О твердокаменная грудь!
О исполин, царю послушный!
Когда и где ты досягнуть
Не мог тебя достойной славы?
Твои труды тебе забавы;
Твои венцы вкруг блеск громов;
В полях ли брань ты тмишь свод звездный,
В морях ли бой ты пенишь бездны,
Везде ты страх твоих врагов.
«Образы и слова, писал о Державине В. Ходасевич, он громоздил, точно скалы, и, сталкивая звуки, сам упивался их столкновением». «По существу, продолжал рассуждения о великом стихотворце Ю. Айхенвальд, эта громкая поэзия отражает в себе как личные настроения самого Державина, так и психологию и даже физиологию блестящего века Екатерины. Ее певец, он сумел внутренне объединить на своих страницах то, что относится к ней, к ее царствованию, с тем, что составляет его именную субъективность».

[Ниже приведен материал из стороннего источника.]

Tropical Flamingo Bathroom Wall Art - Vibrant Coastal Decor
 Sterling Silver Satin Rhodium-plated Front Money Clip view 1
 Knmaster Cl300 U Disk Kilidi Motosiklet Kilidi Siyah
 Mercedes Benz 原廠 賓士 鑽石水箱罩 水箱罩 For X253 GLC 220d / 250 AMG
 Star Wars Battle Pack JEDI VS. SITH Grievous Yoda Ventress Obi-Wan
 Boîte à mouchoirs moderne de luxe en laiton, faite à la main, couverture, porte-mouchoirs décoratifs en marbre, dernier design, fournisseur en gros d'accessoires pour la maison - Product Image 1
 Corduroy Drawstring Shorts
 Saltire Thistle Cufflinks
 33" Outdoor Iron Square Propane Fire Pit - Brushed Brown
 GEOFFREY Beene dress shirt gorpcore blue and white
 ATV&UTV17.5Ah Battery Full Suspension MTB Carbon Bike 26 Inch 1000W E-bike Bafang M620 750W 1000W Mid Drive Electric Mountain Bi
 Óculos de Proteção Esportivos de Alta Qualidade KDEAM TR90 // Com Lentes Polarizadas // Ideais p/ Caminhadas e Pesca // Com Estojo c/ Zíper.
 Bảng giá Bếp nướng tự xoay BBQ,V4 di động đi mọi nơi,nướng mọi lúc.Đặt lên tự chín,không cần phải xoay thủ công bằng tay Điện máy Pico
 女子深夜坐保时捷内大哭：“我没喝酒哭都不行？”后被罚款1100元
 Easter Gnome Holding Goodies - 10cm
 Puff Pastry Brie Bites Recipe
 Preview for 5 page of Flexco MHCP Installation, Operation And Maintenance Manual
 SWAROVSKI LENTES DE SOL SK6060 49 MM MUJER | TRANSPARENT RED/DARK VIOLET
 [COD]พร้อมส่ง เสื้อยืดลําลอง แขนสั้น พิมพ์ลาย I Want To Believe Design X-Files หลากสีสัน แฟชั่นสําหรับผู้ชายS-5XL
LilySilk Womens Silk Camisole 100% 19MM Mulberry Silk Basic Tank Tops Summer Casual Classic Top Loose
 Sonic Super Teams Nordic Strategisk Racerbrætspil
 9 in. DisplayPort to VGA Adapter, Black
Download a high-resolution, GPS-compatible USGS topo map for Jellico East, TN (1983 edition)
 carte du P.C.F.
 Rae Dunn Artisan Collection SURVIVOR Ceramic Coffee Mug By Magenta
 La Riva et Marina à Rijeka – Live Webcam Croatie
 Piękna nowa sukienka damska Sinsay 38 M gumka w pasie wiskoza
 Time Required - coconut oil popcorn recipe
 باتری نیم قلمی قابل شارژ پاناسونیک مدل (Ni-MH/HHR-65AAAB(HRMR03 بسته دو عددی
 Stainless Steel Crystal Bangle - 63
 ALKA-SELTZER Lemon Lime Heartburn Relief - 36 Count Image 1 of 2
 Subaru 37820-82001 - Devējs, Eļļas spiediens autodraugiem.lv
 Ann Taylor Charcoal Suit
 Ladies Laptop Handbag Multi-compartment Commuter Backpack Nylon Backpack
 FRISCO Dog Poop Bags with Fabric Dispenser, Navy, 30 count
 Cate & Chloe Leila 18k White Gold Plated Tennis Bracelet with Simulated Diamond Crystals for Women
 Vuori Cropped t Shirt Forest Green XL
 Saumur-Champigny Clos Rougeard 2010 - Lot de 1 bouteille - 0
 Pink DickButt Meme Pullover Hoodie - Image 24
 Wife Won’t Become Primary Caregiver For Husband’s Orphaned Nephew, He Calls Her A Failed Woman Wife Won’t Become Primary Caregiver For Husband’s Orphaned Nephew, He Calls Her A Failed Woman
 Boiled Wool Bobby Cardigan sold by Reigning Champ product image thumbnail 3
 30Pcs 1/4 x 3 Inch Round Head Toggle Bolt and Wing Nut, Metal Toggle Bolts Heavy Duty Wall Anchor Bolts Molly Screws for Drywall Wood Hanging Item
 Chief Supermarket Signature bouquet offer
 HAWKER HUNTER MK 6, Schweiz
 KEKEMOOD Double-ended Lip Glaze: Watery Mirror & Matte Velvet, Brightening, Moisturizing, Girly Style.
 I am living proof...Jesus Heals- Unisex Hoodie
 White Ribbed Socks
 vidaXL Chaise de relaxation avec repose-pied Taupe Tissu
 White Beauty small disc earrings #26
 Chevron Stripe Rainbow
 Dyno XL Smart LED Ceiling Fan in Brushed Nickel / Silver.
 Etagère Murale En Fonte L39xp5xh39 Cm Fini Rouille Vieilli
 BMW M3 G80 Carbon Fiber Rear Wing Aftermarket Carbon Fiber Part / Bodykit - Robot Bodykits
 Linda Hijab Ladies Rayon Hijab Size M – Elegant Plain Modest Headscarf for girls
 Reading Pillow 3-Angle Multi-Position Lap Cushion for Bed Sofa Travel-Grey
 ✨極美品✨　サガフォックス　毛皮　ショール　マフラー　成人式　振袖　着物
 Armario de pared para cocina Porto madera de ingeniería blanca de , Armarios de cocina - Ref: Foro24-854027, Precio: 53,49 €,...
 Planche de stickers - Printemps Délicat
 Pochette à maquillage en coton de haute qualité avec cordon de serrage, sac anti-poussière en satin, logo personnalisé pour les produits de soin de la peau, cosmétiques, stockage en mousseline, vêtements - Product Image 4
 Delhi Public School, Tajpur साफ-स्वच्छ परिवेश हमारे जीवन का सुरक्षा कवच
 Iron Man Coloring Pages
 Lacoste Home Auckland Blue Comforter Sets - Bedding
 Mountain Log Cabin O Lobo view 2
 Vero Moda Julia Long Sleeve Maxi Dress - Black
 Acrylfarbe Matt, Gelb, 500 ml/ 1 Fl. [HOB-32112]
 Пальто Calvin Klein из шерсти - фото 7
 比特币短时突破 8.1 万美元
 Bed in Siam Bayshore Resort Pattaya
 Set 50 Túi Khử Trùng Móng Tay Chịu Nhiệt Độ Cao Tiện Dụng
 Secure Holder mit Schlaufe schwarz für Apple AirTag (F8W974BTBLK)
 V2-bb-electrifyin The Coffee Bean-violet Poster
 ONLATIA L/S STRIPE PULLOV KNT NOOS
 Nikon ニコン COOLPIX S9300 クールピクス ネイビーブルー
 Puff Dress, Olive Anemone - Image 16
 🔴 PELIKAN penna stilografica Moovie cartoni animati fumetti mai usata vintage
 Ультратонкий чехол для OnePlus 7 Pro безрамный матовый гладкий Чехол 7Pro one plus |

Впрочем, сверкающий металлическим отливом, увесистый, тягучий стих Державина обязан был не одному лишь громогласию эпохи героини его бессмертной «Фелицы», но и движению поэтической музы куда менее политизированному и сиюминутному. А именно: обусловленному как самой природой русского языка, так и секретами души его носителей. В великой оде «Бог», почти десятилетие томившейся на письменном столе поэта, державинская форма стихосложения обрела-таки непоколебимое алиби: о Всевышнем сподручней изъясняться могуче, увесисто, зримо, ни на миг не допуская сомнения в присутствии Создателя.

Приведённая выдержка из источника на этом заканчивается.